_RECORDS FOR PROCESSING:_

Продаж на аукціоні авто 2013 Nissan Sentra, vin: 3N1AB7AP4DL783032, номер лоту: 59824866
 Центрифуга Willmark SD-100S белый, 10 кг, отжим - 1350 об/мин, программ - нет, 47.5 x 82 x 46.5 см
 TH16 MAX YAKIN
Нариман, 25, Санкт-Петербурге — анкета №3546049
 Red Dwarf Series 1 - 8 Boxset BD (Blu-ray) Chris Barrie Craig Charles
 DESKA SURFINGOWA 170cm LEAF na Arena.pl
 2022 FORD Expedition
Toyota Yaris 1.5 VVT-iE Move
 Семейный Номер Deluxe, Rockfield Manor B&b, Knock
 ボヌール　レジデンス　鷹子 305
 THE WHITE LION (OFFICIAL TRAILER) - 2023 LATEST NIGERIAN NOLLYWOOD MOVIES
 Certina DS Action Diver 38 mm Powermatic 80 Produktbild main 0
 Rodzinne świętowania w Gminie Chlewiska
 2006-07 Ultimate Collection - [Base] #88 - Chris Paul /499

_EXERCISE REQUIREMENTS:_ From the records above, count the lines in which the string "Chris" is found, and answer with the number alone.

_SOLUTION FOR THIS EXERCISE:_ 2